La madre rimasta vedova con tre figli piccoli aveva difficoltà a reggere il ruolo di Bonifacio. Nel 1053 Matilde ed i suoi fratelli ottennero un privilegio di protezione personale dall'Imperatore Enrico III, ma in quello stesso anno i due fratelli maggiori di Matilde morirono a causa di un maleficio(probabilmente un avvelenamento involontario).
Alla morte di papa Leone IX, parente di entrambi i genitori di Matilde, venne eletto con l'appoggio imperiale, papa Vittore II (1054).
Papa Vittore II era ospitato ad Arezzo dai Canossiani, quando morì nel 1057, lasciando come successore papa Stefano IX.
Visto il crescente potere della Casa di Canossa e la scomparsa del loro alleato Leone IX, Enrico III prese in ostaggio Matilde, che aveva solo 10 anni, e sua madre e le portò in Germania; ma dopo un anno anche Enrico III morì e così Matilde ritornò in Italia.
La madre Beatrice cercò una nuova protezione risposandosi con Goffredo il Barbuto, fratello di papa Stefano IX. Goffredo, figlio di Gozzellone, Duca di Lotaringia, era un aristocratico dedito alle armi ed alle arti guerresche di indole belligerante.
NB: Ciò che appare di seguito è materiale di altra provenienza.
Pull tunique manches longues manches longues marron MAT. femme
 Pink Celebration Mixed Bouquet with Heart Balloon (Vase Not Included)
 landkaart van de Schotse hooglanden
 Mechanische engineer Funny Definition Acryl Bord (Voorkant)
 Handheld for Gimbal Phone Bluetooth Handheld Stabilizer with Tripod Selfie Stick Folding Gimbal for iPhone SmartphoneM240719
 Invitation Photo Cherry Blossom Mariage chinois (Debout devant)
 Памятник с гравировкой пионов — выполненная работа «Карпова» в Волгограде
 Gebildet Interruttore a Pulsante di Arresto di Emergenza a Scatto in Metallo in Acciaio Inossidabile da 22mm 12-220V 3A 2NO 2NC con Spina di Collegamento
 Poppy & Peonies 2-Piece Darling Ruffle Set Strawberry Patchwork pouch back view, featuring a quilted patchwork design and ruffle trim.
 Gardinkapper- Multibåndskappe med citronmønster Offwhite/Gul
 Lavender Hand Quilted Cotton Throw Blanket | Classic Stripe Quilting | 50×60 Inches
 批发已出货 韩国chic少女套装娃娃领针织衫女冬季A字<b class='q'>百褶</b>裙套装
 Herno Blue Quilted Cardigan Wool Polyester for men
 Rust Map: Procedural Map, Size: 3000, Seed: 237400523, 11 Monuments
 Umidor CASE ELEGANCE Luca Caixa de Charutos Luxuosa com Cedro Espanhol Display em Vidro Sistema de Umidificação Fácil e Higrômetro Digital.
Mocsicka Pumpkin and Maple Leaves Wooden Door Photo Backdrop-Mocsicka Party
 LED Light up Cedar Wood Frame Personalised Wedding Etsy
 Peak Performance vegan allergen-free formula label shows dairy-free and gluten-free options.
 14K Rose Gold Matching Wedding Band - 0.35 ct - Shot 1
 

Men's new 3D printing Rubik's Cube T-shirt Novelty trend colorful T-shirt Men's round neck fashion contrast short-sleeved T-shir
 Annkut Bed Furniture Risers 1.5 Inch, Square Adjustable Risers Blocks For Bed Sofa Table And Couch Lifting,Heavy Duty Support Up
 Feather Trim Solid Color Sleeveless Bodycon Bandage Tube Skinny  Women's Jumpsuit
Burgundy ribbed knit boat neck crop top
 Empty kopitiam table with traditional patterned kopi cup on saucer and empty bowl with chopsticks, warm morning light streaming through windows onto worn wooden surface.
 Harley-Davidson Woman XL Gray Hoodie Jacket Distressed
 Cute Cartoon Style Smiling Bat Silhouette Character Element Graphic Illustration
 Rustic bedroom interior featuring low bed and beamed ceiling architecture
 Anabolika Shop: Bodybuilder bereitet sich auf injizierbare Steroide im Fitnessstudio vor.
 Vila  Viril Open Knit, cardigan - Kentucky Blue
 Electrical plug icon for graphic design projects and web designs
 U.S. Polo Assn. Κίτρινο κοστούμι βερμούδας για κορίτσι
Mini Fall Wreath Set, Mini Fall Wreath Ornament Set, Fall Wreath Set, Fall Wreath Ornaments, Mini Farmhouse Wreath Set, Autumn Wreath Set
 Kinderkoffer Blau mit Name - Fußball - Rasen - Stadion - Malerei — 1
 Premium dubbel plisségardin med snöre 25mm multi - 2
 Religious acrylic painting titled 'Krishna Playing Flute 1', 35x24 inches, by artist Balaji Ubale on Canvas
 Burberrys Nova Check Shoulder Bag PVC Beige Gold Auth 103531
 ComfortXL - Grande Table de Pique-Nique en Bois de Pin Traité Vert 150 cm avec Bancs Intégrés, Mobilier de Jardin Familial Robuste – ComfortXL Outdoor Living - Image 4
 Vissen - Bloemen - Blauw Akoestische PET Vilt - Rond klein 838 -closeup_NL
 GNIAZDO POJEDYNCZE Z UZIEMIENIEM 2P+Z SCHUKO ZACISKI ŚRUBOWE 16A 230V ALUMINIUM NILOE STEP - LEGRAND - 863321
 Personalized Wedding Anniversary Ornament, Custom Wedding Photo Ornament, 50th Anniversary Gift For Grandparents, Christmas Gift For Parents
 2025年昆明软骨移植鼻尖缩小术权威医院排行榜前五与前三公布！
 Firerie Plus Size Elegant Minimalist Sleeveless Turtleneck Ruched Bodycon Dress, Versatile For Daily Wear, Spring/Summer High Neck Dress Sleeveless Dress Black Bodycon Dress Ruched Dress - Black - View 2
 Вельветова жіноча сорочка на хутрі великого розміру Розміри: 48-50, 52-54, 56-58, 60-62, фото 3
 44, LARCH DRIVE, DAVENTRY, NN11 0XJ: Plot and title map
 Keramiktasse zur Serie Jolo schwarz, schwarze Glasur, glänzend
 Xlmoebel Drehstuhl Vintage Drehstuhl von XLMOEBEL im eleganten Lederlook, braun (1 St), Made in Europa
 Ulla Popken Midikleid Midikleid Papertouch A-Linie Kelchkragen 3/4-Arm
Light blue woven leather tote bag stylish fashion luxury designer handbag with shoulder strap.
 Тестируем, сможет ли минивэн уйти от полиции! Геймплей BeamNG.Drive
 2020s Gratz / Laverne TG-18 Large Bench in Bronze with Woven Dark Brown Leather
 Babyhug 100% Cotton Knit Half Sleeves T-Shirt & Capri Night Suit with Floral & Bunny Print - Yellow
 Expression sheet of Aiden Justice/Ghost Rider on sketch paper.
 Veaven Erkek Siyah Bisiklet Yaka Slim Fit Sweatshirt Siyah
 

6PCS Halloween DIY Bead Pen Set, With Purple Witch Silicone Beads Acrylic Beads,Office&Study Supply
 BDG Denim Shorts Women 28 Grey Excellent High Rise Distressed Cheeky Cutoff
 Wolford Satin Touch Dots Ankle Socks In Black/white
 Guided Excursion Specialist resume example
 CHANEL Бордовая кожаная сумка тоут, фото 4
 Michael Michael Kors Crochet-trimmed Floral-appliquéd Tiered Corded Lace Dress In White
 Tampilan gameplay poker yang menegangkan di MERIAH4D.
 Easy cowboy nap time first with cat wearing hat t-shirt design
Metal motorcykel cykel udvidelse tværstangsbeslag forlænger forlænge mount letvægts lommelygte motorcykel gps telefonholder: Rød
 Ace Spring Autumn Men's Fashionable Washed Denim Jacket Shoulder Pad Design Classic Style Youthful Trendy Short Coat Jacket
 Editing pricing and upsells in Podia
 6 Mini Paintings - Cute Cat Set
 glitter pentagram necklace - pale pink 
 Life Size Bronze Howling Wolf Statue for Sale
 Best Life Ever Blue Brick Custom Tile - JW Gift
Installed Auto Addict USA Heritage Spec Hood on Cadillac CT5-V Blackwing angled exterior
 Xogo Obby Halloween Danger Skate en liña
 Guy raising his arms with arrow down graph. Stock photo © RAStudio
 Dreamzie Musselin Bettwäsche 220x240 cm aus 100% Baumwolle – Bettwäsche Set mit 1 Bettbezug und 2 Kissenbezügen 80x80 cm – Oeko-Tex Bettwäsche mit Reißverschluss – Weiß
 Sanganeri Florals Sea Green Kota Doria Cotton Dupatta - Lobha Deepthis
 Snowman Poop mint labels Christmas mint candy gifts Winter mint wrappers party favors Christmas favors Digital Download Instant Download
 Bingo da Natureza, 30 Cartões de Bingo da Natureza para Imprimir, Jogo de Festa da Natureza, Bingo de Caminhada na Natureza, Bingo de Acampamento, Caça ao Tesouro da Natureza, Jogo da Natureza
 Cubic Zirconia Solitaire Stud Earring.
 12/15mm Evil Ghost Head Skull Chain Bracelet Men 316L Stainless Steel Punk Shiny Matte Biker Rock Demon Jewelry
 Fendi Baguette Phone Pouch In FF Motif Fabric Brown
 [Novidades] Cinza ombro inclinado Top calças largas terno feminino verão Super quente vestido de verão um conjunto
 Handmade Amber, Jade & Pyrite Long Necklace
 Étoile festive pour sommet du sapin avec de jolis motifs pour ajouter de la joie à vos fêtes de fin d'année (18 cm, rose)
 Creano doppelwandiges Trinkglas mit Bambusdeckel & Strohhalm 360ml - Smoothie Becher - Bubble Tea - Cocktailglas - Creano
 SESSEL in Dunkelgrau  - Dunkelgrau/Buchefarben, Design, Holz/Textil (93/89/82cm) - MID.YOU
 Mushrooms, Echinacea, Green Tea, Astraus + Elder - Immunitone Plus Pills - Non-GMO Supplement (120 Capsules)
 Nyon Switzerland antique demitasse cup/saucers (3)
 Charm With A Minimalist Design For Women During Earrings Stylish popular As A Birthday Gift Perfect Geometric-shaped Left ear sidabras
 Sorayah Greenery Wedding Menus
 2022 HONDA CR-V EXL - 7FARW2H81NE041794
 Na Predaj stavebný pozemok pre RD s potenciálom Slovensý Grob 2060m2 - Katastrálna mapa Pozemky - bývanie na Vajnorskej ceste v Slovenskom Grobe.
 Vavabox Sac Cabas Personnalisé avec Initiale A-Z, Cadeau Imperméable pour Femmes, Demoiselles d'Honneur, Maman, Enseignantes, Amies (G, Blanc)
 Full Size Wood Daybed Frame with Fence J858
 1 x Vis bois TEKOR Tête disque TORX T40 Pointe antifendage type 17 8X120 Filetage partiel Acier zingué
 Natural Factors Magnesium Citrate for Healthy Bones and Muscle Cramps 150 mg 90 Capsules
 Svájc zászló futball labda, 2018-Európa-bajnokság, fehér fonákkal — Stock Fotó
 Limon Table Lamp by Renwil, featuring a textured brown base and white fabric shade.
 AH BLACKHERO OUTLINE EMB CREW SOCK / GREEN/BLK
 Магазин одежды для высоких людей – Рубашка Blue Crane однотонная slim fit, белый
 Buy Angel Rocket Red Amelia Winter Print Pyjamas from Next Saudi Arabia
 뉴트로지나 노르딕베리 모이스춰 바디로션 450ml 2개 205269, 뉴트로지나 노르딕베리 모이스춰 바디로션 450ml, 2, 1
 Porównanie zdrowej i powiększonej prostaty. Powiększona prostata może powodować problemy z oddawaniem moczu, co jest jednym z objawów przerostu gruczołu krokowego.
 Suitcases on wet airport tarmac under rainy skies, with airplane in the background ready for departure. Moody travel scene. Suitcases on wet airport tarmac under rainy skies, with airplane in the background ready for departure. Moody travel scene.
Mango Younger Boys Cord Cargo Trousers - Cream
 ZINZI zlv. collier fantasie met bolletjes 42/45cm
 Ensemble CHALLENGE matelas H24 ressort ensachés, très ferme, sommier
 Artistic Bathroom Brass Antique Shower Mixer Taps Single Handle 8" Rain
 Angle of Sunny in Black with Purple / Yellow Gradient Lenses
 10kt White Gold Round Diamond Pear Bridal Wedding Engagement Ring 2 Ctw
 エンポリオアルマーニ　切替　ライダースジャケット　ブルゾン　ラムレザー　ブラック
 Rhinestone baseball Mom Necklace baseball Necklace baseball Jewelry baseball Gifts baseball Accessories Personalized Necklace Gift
Fu lui a succedere a Bonifacio come signore della Tuscia.
La famiglia dei Canossa, padrona dell'Italia centrale e della Lotaringia, imparentata con Papi e influente sugli imperatori, era in quel momento la famiglia più potente d'Europa.
Dopo la morte di Enrico III, Goffredo il Gobbo tentò di approfittare del temporaneo vuoto di potere per farsi incoronare Imperatore in terra tedesca; ma non ci riuscì per la morte del papa in Tuscia, cioè in terra canossiana. Per evitare il pericolo di sottomettersi in futuro all'imperatore, il papato decise di introdurre un sistema di elezione interna, il conclave dei cardinali, tuttora in vigore. Allontanatosi così dall'impero, il pontificato si affidò alla tutela dei Canossa che, grazie al diritto-dovere dell'accompagnamento dei Pontefici, finirono col determinare la scelta dei Papi e quindi le loro sorti.
Anche il nuovo papa Benedetto X ebbe vita breve; morì infatti, sempre alla corte dei Canossa, nel 1061. Dopo di lui vennero eletti due papi: l'imperatore scelse il Vescovo di Parma Cadalo, che prese il nome di Onorio II, mentre la Chiesa elesse il Vescovo di Lucca, nonché ecclesiastico dei Canossa Anselmo da Baggio, che prese il nome di Alessandro II. Dopo varie vicissitudini si concordò di tenere un nuovo concilio nel cuore dei domini canossiani, a Mantova. Papa Onorio II preferì non partecipare per timore di perdere la vita e comunque Alessandro II dimostrò la legalità della propria elezione; i Canossa giudici dal quale dipendeva il Paparum Ducatus allora decisero di assegnare il papato al loro candidato Alessandro II. Matilde si ritrovò di nuovo con un papa suo alleato.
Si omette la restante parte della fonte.